Single by Marvin Gaye

from the album How Sweet It Is to Be Loved by You
- B-side: "Walk on the Wild Side"
- Released: September 2, 1964
- Recorded: August 1 & 4, 1964
- Genre: Rhythm and blues; soul;
- Length: 2:30
- Label: Tamla
- Songwriter: Holland–Dozier–Holland
- Producers: Brian Holland; Lamont Dozier;

Marvin Gaye singles chronology
| "Try It Baby" (1964) | "Baby Don't You Do It" (1964) | "What Good Am I Without You" (1964) |

= Baby Don't You Do It =

Original song written and composed by Holland–Dozier–Holland

"Baby Don't You Do It" is a 1964 single by American singer Marvin Gaye. Released on the Tamla label, this song discusses a man who is at a standstill with his girlfriend, who he feels is neglecting his love stating "Don't break my heart/...I've tried to do my best".

Featured on the Holland–Dozier–Holland-written and produced track, for the first time on a Marvin Gaye record, were Motown's top session girl group, the Andantes. The song was originally written and intended for the Supremes, but eventually reassigned to Marvin Gaye to record.

In October 1964 Gaye's single peaked at number 27 on both the Billboard Hot 100 and the Top 100 singles chart in Cashbox, with Cashbox affording the single a number 14 peak on its R&B chart (Billboard was not maintaining an R&B chart at this time).

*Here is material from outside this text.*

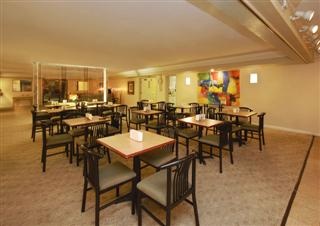 Quality Inn - Clean And Large Breakfast Area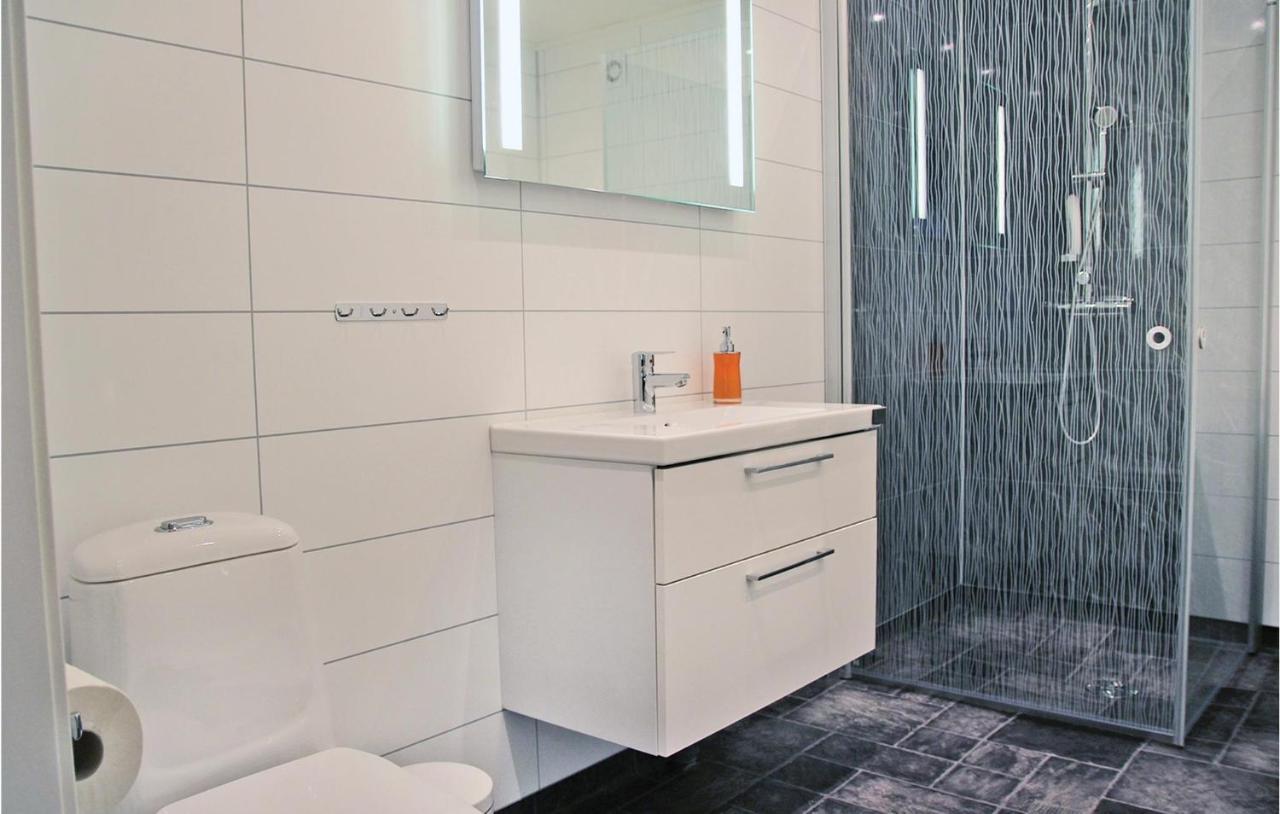 2 Bedroom Cozy Apartment In Habo Mullsjö Zewnętrze zdjęcie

Billboard stated that "it's that powerhouse beat that can't be beat." Cash Box described it as "an electrifying pleader that rocks along in sensational vocal and instrumental fashion."

==Personnel==

- Lead vocals by Marvin Gaye
- Background vocals by the Andantes: Marlene Barrow, Jackie Hicks and Louvain Demps
- Instrumentation by the Funk Brothers
  - Baritone saxophone by Mike Terry

==The Band versions==
The Band recorded the song numerous times under the title "Don't Do It". The lead singer was Levon Helm, with backing vocals by Rick Danko and Richard Manuel. Different versions, both studio and live, appear on several of their albums and box sets, including the 1972 live release Rock of Ages. "Don't Do It" was the encore performed by The Band in Martin Scorsese's 1976 concert film The Last Waltz, though it was featured first in the film. Although it was not included on the 1978 soundtrack album, the track was included in the 2002 box set edition of The Last Waltz soundtrack.

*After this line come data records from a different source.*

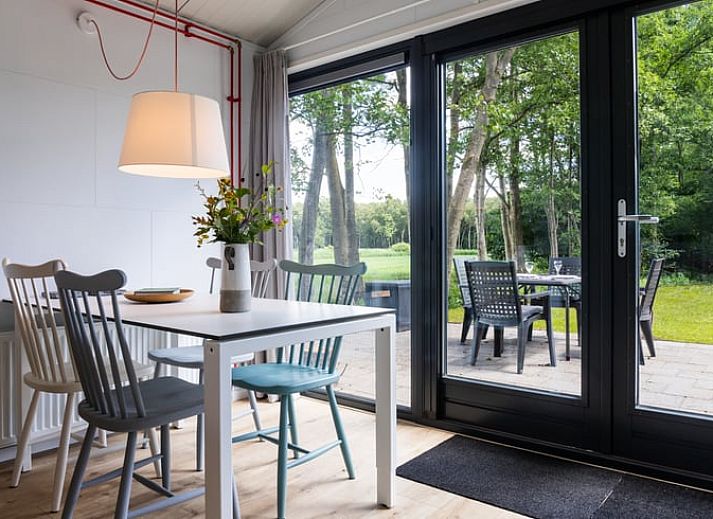 Ferienhaus in Ravenswoud, ein Ferienhaus in den friesischen Waeldern von Friesland, umgeben von Natur und Ruhe.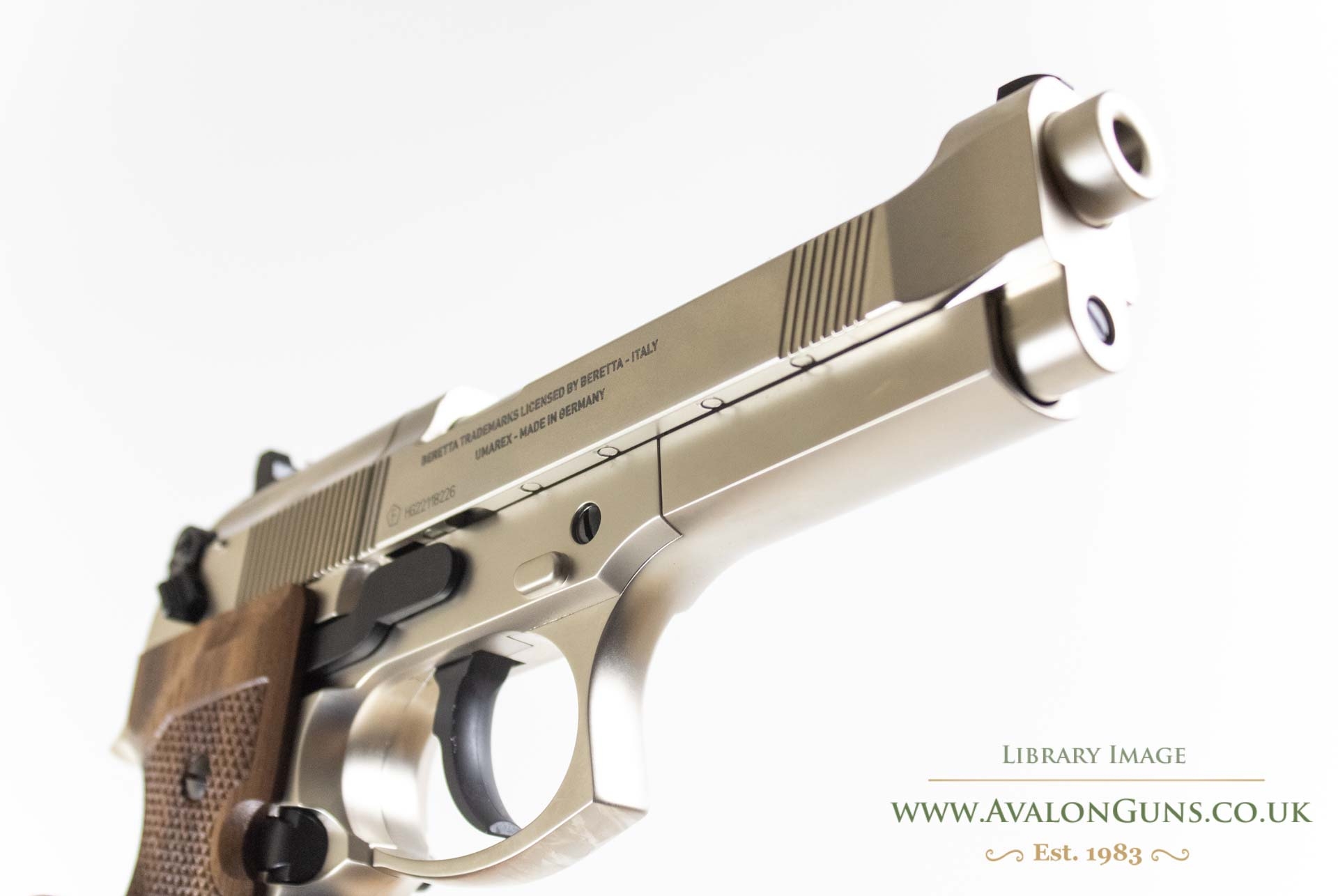 UMAREX .177 BERETTA M92 FS NICKEL WOOD GRIP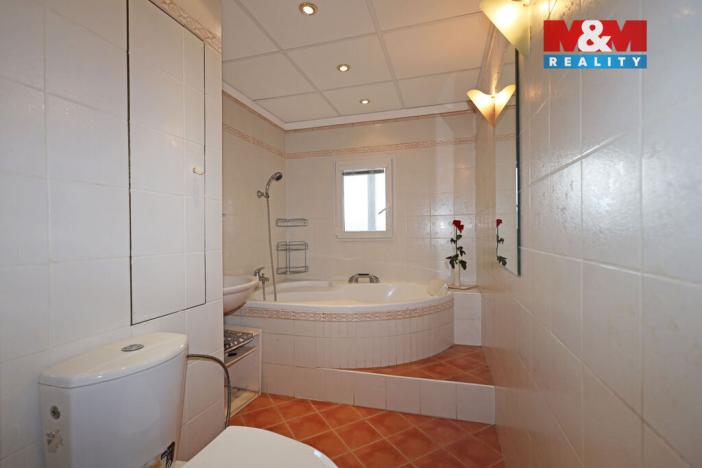 Prodej bytu 4+1, Karlovy Vary - Doubí, Modenská, 77 m2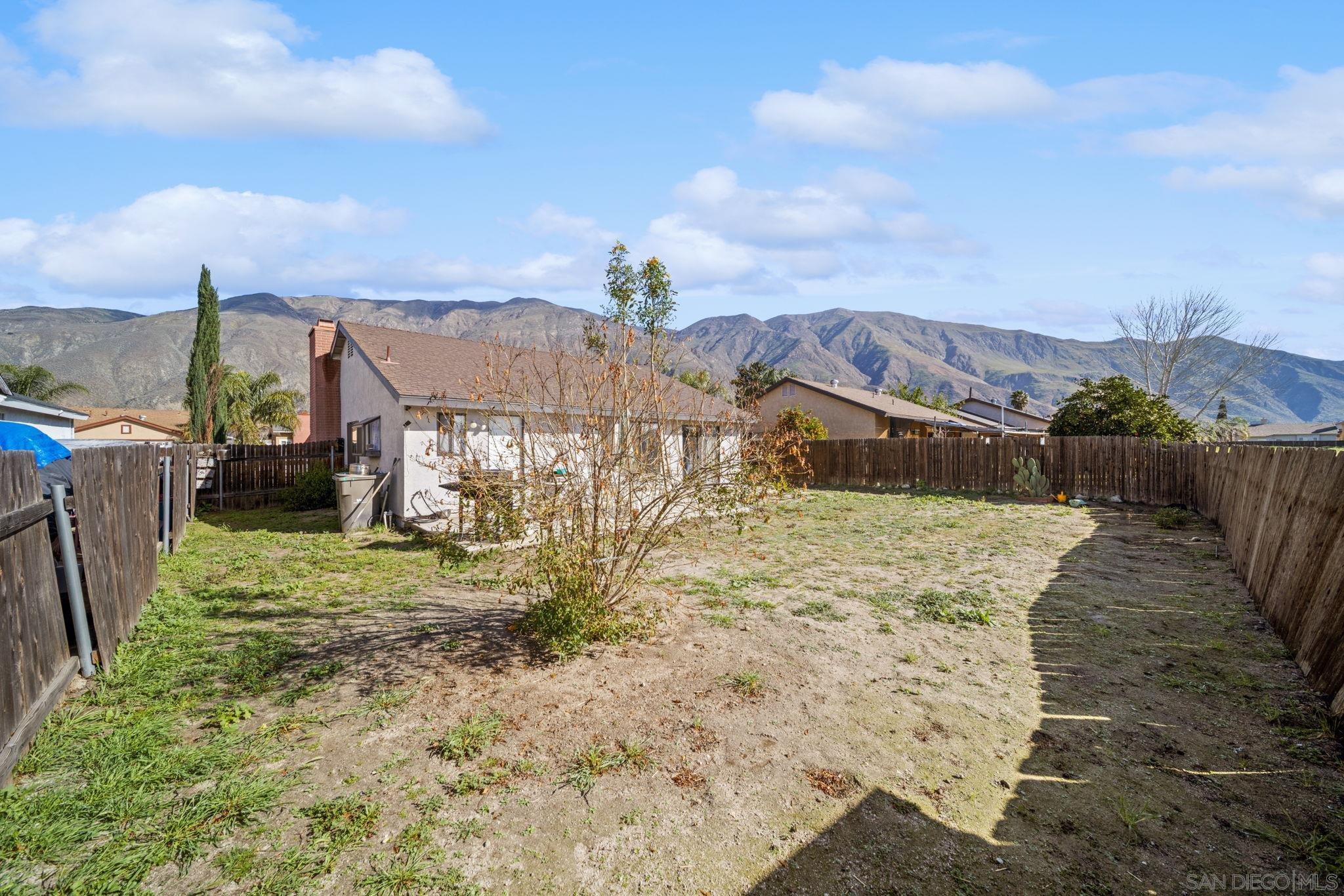 Detail Gallery Image 33 of 36 For 312  Blue Ridge Lane, San Jacinto,  CA 92583 - 2 Beds | 2 Baths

The version of "Don't Do It" from Rock of Ages was issued as a single, reaching No. 34 on the Billboard Hot 100 in the autumn of 1972; the track was the second - following "Up on Cripple Creek" - and final Top 40 single for the Band. Billboard called this version a "dynamite dance treatment". Record World called it "a funky rocker that fits The Band to a tee."

==The Who versions==

The Who recorded several versions of "Baby Don't You Do It". The first version released was recorded live in San Francisco and released as the B-side to "Join Together" in June 1972. The group had previously played the song in their live performances circa 1964–65, and a studio recording from that time was later released on the 1998 remastered CD of Odds & Sods.

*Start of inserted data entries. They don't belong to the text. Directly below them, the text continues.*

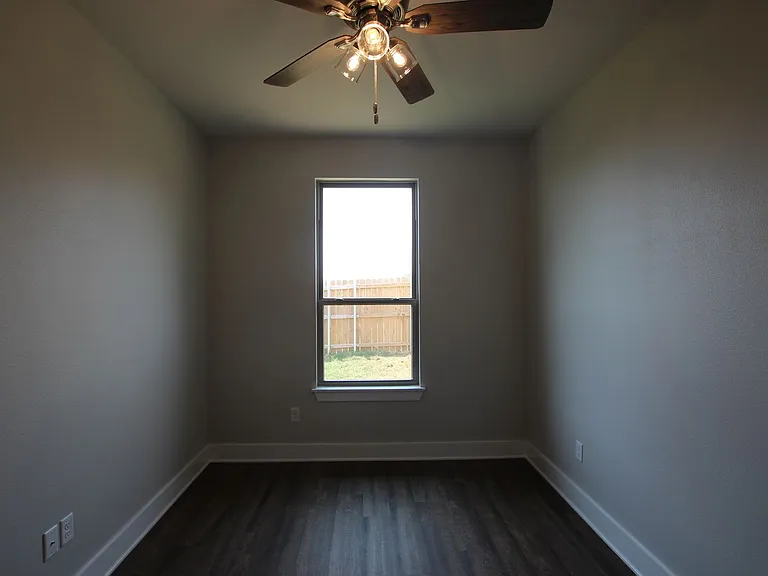 715 Freedom Way — Photo 20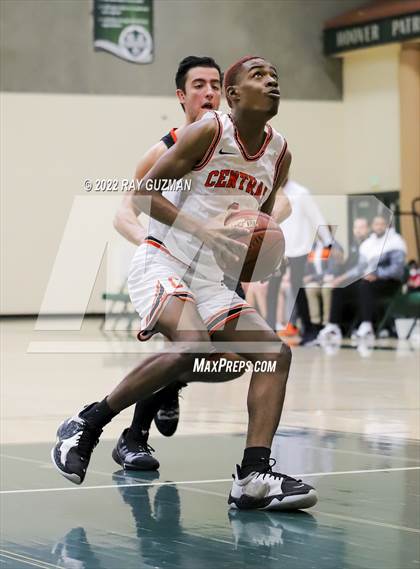 Thumbnail 1 in Central vs. TMI-Episcopal photogallery.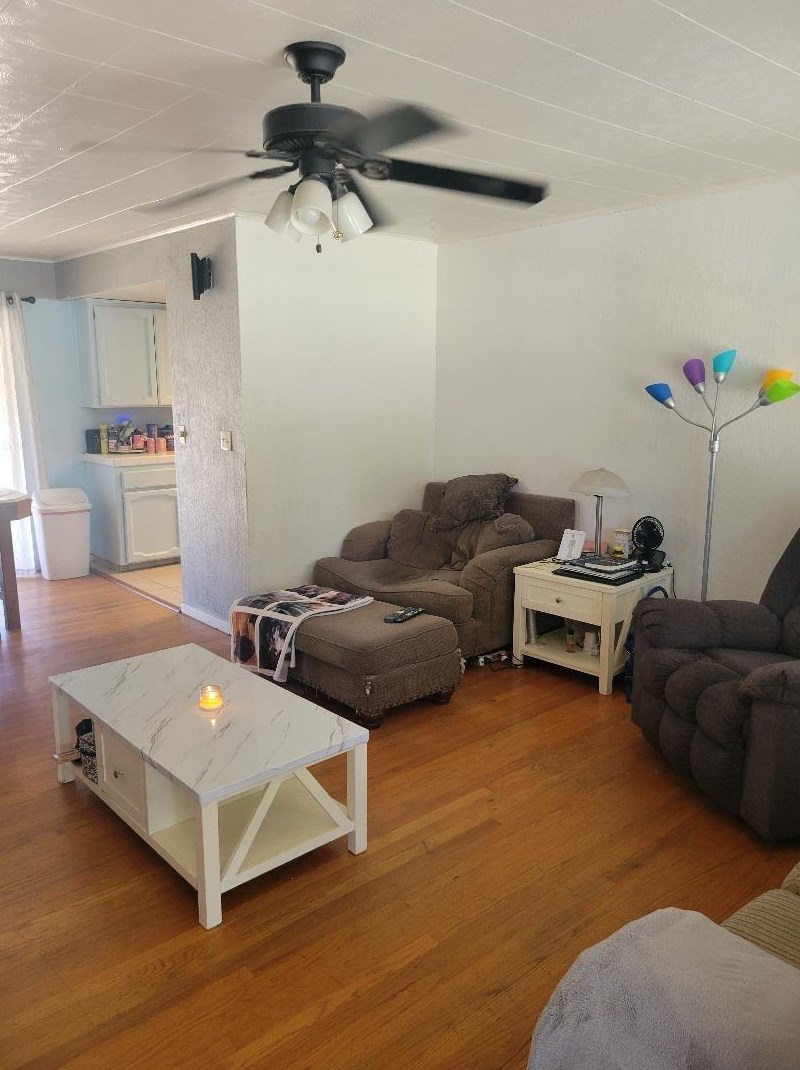 688 Fippins Ave, Yuba City CA 95991-4308 exterior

The Who also recorded a studio version of the song on March 16, 1971, at The Record Plant in New York. This version became first available on the 1995 Reissue of Who's Next and featured Leslie West on lead guitar, but was edited to 5:13. The full version (8:21) of the song became available on the Who's Next Deluxe Edition. During the sixth season of That '70s Show when the show's episodes were all named after recordings by the Who, the March 3, 2004, broadcast was entitled "Baby Don't You Do It". In 2025 The Who released Live at the Oval 1971, which featured the song as track No. 10.